==== Collected material ====
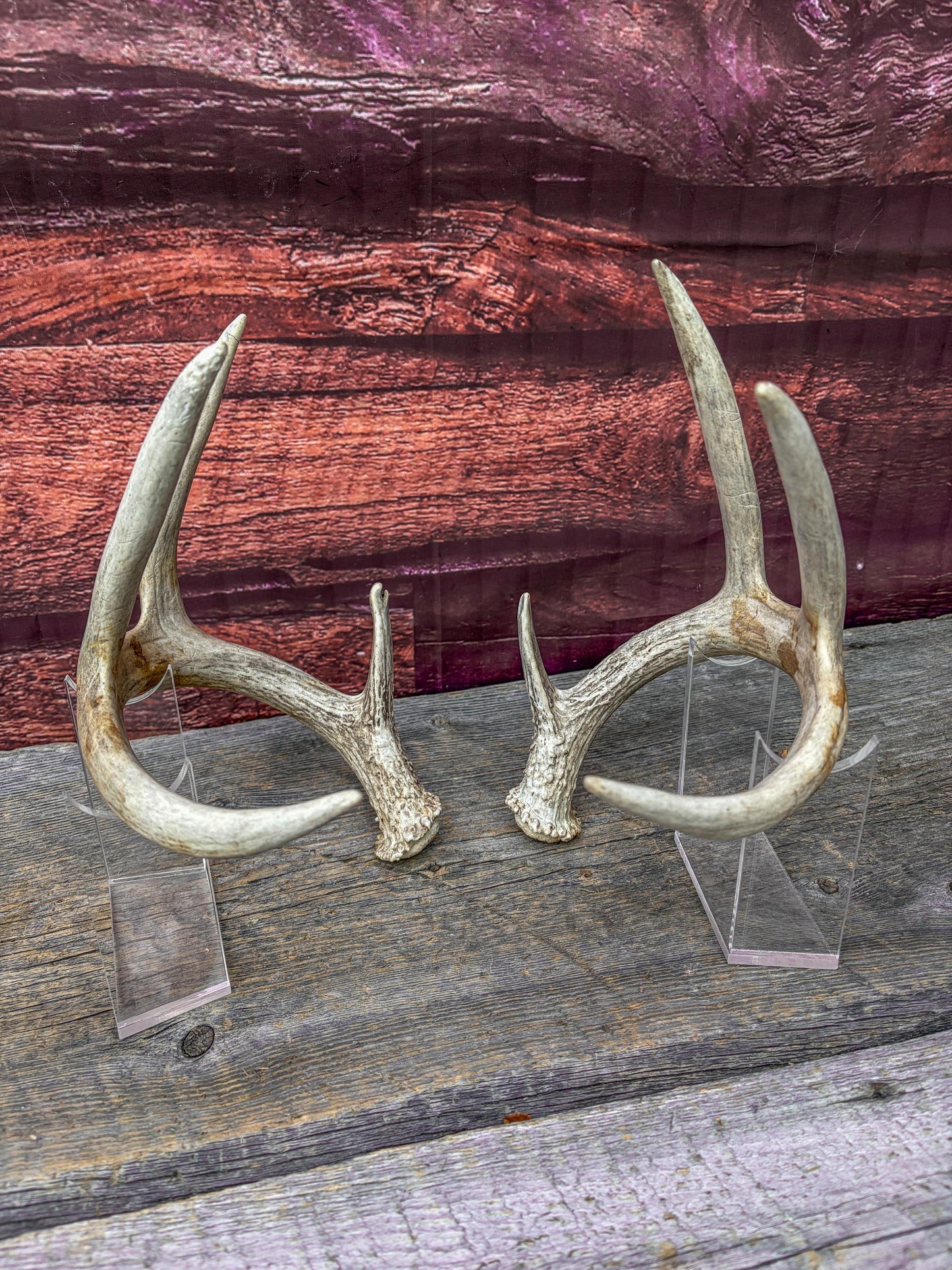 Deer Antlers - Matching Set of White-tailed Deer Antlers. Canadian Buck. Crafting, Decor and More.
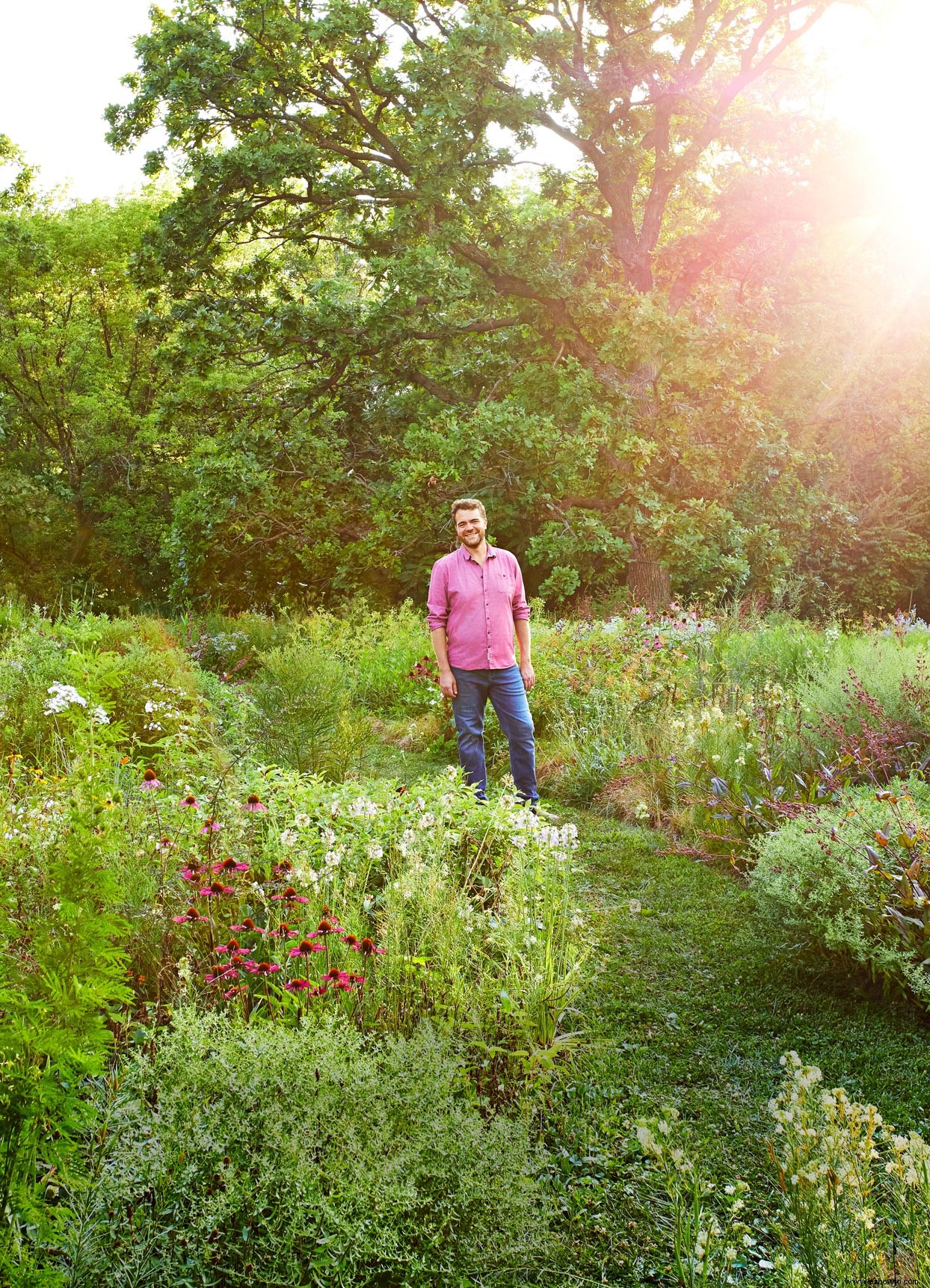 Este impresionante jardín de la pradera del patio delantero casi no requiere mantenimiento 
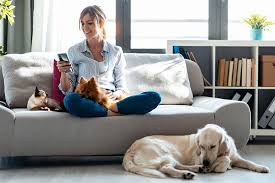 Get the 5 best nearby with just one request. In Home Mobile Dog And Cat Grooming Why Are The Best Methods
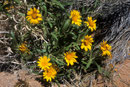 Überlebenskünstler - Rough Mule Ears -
====
◆ Work required
Line for line, restate the data above and omit every picture.

◆ The answer
 Deer Antlers - Matching Set of White-tailed Deer Antlers. Canadian Buck. Crafting, Decor and More.
 Este impresionante jardín de la pradera del patio delantero casi no requiere mantenimiento 
 Get the 5 best nearby with just one request. In Home Mobile Dog And Cat Grooming Why Are The Best Methods
 Überlebenskünstler - Rough Mule Ears -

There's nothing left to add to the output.